• Sonuç bulunamadı

2. YÜKSEK YAPILARDA ALT SİSTEMLER

2.3. Servis Alt Sistemi

2.3.4. Otomasyon Sistemi

Bina otomasyon sistemleri ilk olarak seksenli yılların baslarında kullanılmaya başlandı. İlk sistemler yalnızca izlemeye yönelik sistemlerdi ve aktif kontrol fonksiyonları yoktu [79]. Daha sonraki yıllarda elektronikte ki gelişmeler daha hızlı, daha yüksek kapasiteli kontrol cihazlarının kullanılmasına imkan vermiş ve merkezi olarak yürütülen mekanik bina denetiminin yerini, yavaş yavaş elektronik sistemlerle bina dışı koşullar yanısıra, lokal konfor koşullarının da takip edilerek gereksinimlere göre işletiminde esneklik sağlayabilen sistemler almıştır.

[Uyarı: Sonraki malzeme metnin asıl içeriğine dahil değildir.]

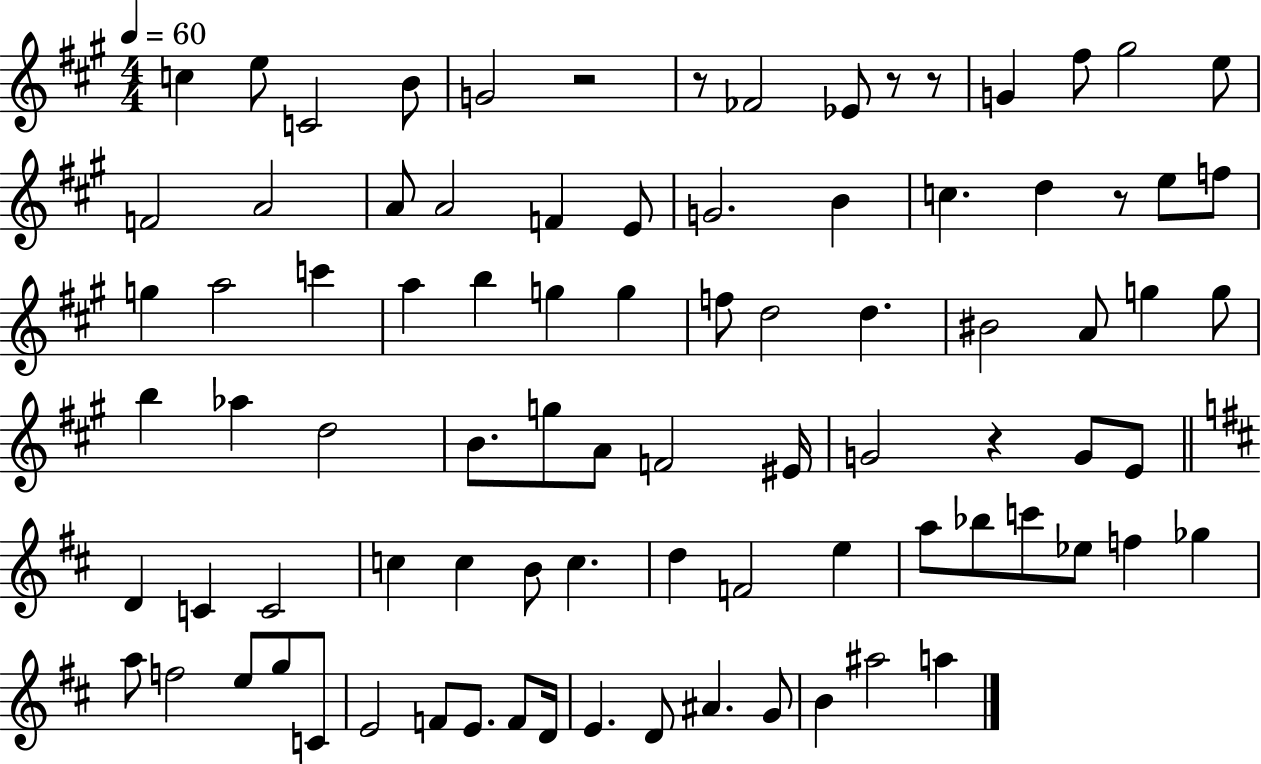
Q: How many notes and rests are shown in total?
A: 87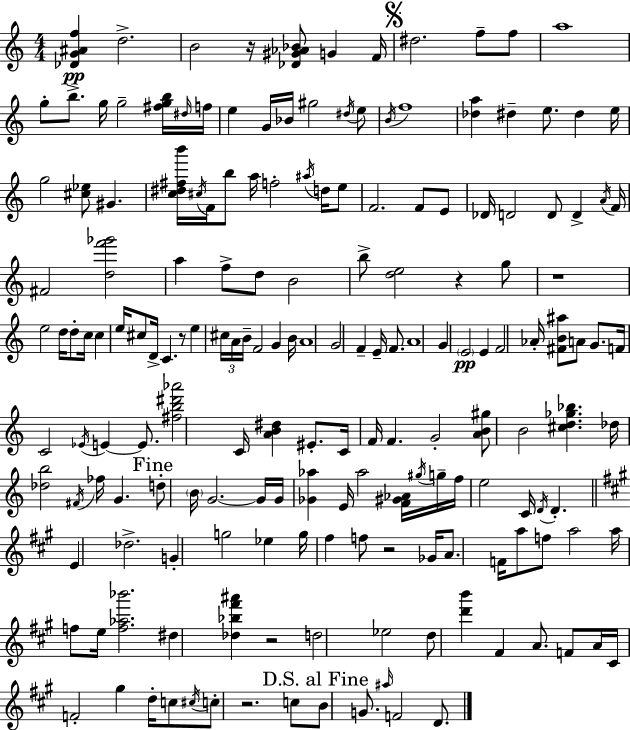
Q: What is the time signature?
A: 4/4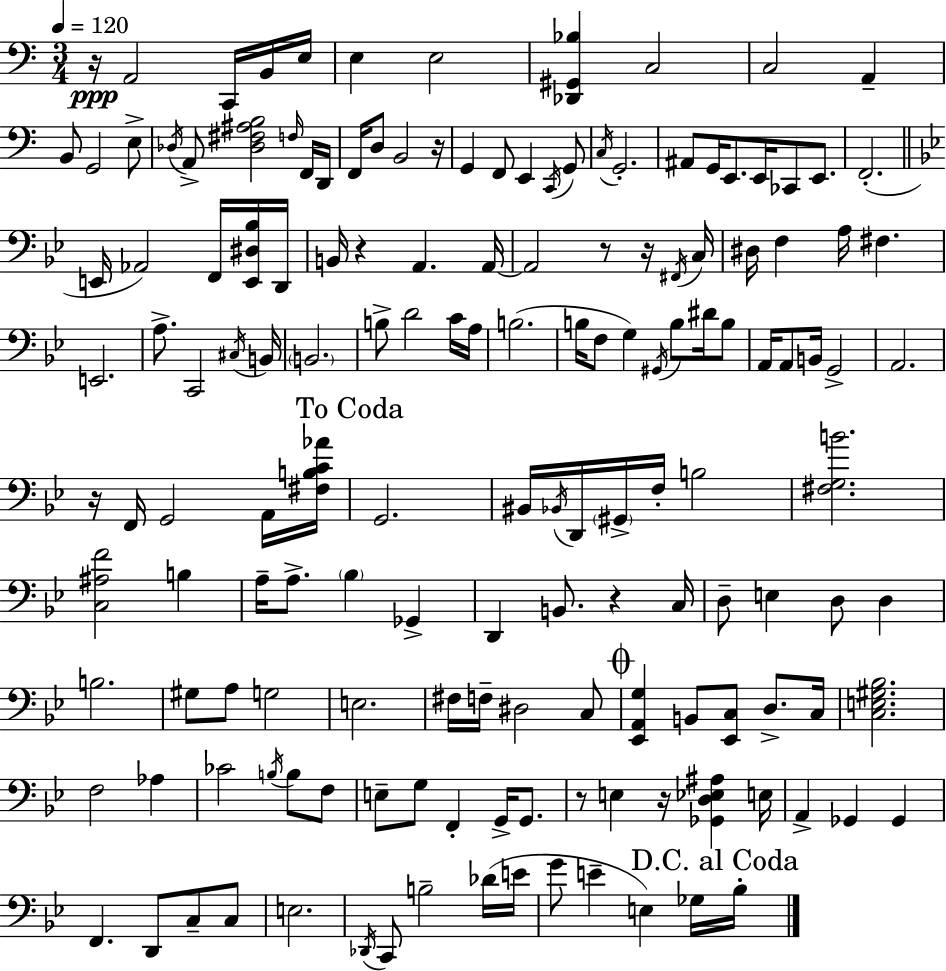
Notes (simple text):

R/s A2/h C2/s B2/s E3/s E3/q E3/h [Db2,G#2,Bb3]/q C3/h C3/h A2/q B2/e G2/h E3/e Db3/s A2/e [Db3,F#3,A#3,B3]/h F3/s F2/s D2/s F2/s D3/e B2/h R/s G2/q F2/e E2/q C2/s G2/e C3/s G2/h. A#2/e G2/s E2/e. E2/s CES2/e E2/e. F2/h. E2/s Ab2/h F2/s [E2,D#3,Bb3]/s D2/s B2/s R/q A2/q. A2/s A2/h R/e R/s F#2/s C3/s D#3/s F3/q A3/s F#3/q. E2/h. A3/e. C2/h C#3/s B2/s B2/h. B3/e D4/h C4/s A3/s B3/h. B3/s F3/e G3/q G#2/s B3/e D#4/s B3/e A2/s A2/e B2/s G2/h A2/h. R/s F2/s G2/h A2/s [F#3,B3,C4,Ab4]/s G2/h. BIS2/s Bb2/s D2/s G#2/s F3/s B3/h [F#3,G3,B4]/h. [C3,A#3,F4]/h B3/q A3/s A3/e. Bb3/q Gb2/q D2/q B2/e. R/q C3/s D3/e E3/q D3/e D3/q B3/h. G#3/e A3/e G3/h E3/h. F#3/s F3/s D#3/h C3/e [Eb2,A2,G3]/q B2/e [Eb2,C3]/e D3/e. C3/s [C3,E3,G#3,Bb3]/h. F3/h Ab3/q CES4/h B3/s B3/e F3/e E3/e G3/e F2/q G2/s G2/e. R/e E3/q R/s [Gb2,D3,Eb3,A#3]/q E3/s A2/q Gb2/q Gb2/q F2/q. D2/e C3/e C3/e E3/h. Db2/s C2/e B3/h Db4/s E4/s G4/e E4/q E3/q Gb3/s Bb3/s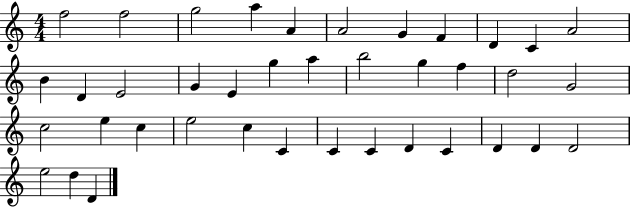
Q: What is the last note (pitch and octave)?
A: D4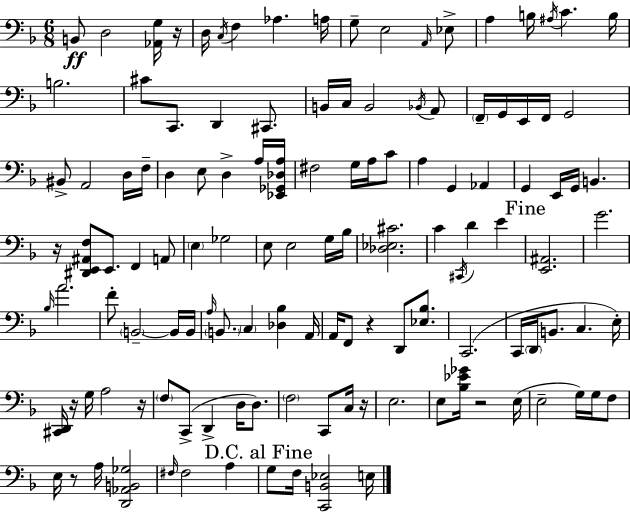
B2/e D3/h [Ab2,G3]/s R/s D3/s C3/s F3/q Ab3/q. A3/s G3/e E3/h A2/s Eb3/e A3/q B3/s A#3/s C4/q. B3/s B3/h. C#4/e C2/e. D2/q C#2/e. B2/s C3/s B2/h Bb2/s A2/e F2/s G2/s E2/s F2/s G2/h BIS2/e A2/h D3/s F3/s D3/q E3/e D3/q A3/s [Eb2,Gb2,Db3,A3]/s F#3/h G3/s A3/s C4/e A3/q G2/q Ab2/q G2/q E2/s G2/s B2/q. R/s [D#2,E2,A#2,F3]/e E2/e. F2/q A2/e E3/q Gb3/h E3/e E3/h G3/s Bb3/s [Db3,Eb3,C#4]/h. C4/q C#2/s D4/q E4/q [E2,A#2]/h. G4/h. Bb3/s A4/h. F4/e B2/h B2/s B2/s A3/s B2/e. C3/q [Db3,Bb3]/q A2/s A2/s F2/e R/q D2/e [Eb3,Bb3]/e. C2/h. C2/s D2/s B2/e. C3/q. E3/s [C#2,D2]/s R/s G3/s A3/h R/s F3/e C2/e D2/q D3/s D3/e. F3/h C2/e C3/s R/s E3/h. E3/e [Bb3,Eb4,Gb4]/s R/h E3/s E3/h G3/s G3/s F3/e E3/s R/e A3/s [D2,Ab2,B2,Gb3]/h F#3/s F#3/h A3/q G3/e F3/s [C2,B2,Eb3]/h E3/s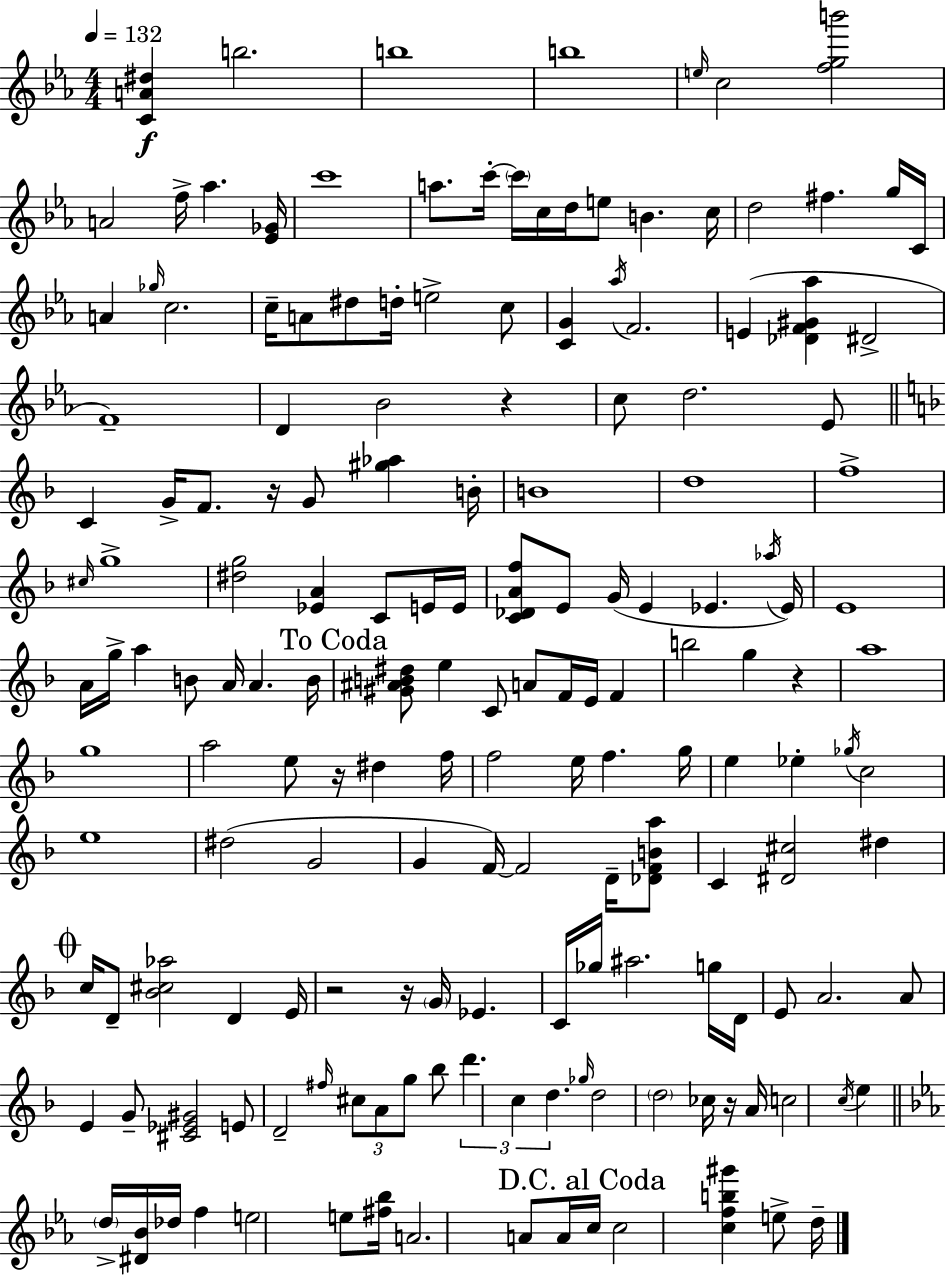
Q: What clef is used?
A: treble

Böylece konfor kontrol fonksiyonları giderek lokalize olurken, merkezi fonksiyon, lokal kontrol sistemlerinin yönetim ve işletim performansının artırılmasına yönelmiştir [111].

İnternetin yaygınlaşması ile de bina otomasyon sistemleri ve akıllı binalar internet üzerinden izlenebilir ve kontrol edilebilir hale gelmiştir.

İnternet aracılığı ile herhangi bir yerden herhangi bir zamanda ister bir PC’den isterse bir mobil cihazdan (Cep telefonu, PDA, vb.) bina otomasyon sisteminize ulaşabileceğiniz sistemler geliştirilmiştir.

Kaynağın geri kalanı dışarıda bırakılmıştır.